Material for this task »
■ ■ ■
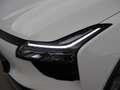 Aiways U5 63kWh SHOWROOM UITVOERING *42.630 KM* | 360 CAMERA Weiß - thumbnail 23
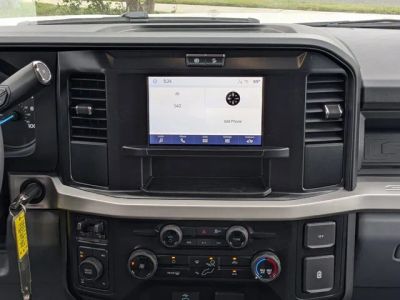 2026 Ford F-250SD — photo 17 view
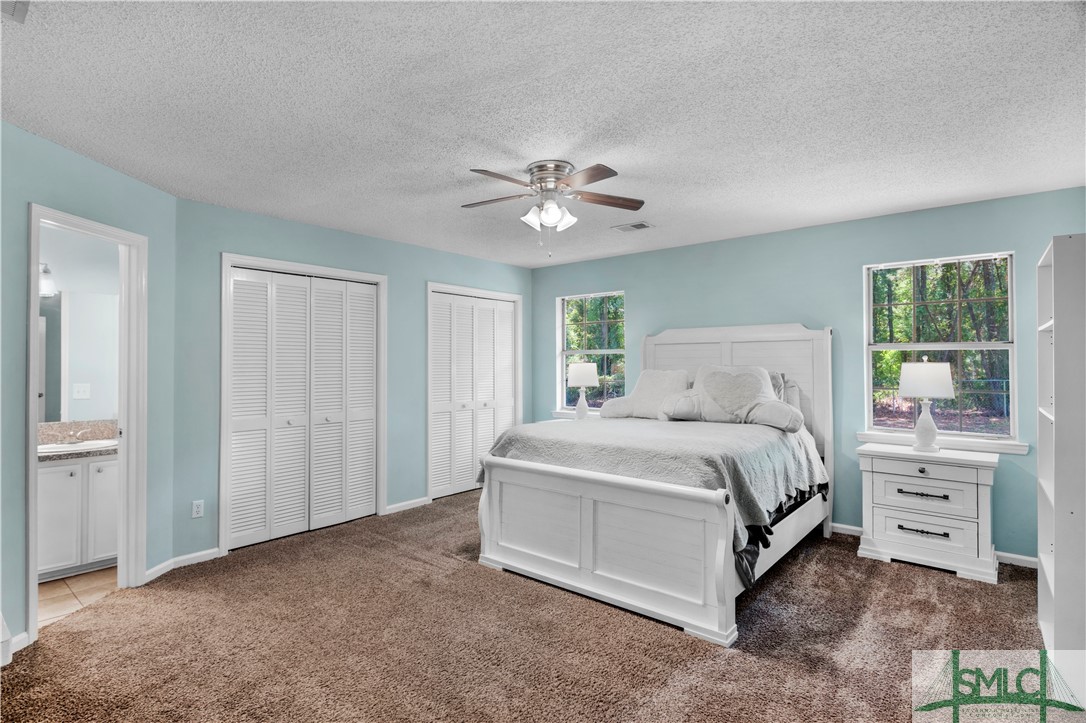 702 Timber Ridge Trail Hinesville, GA 31313 - Photo 16 of 25 Gallery Image 16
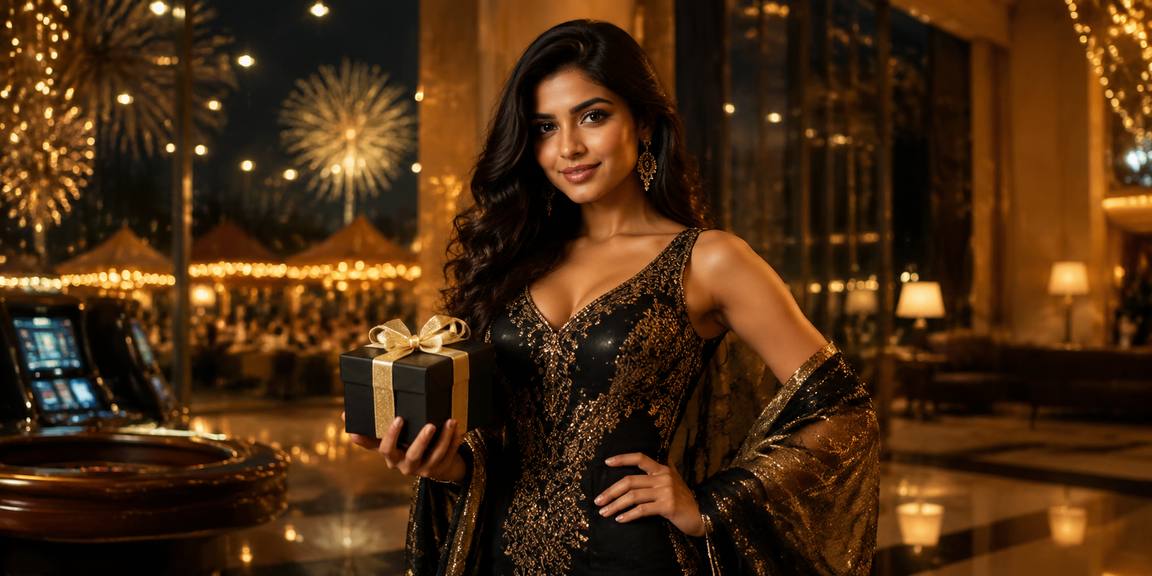 333bet4 লাইভ এবং স্লট সেকশন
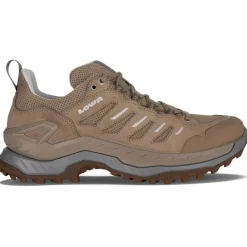 Lowa - Innovo Lo - Multisportschuhe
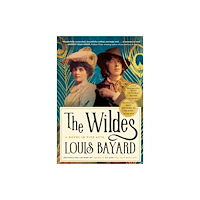 Workman Publishing The Wildes (häftad, eng)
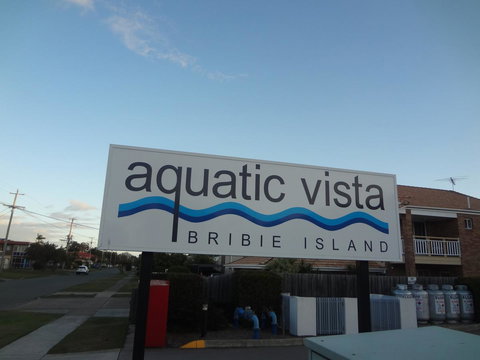 Keith's Sister - Foster Accommodation 25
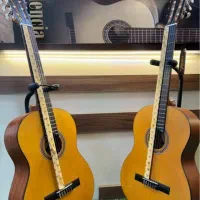 گیتار شروع برای آموزش و مبتدی|گیتار، بیس، امپلیفایر|ورامین, ورامین|دیوار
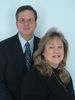 Profile picture for Victor & Linda Dillon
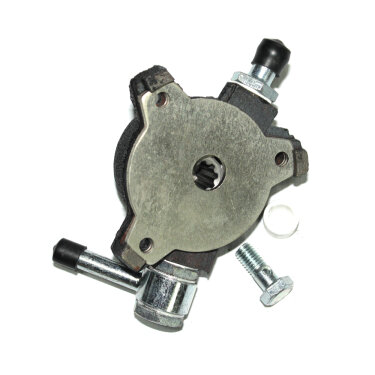 Насос генератора вакуумный FAW 1031(3,2), 1041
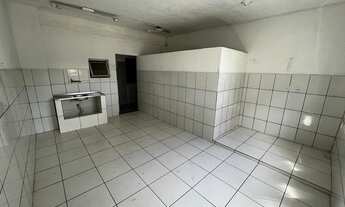 Imagem 5: Ponto comercial/Loja 275 metros, com mezanino Goiabeiras - Vitória - ES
■ ■ ■
Directions » Working from the line that contains "گیتار شروع برای" to the last line of the listing, please quote each line exactly, pictures excluded.

Response to this task »
 گیتار شروع برای آموزش و مبتدی|گیتار، بیس، امپلیفایر|ورامین, ورامین|دیوار
 Profile picture for Victor & Linda Dillon
 Насос генератора вакуумный FAW 1031(3,2), 1041
 Imagem 5: Ponto comercial/Loja 275 metros, com mezanino Goiabeiras - Vitória - ES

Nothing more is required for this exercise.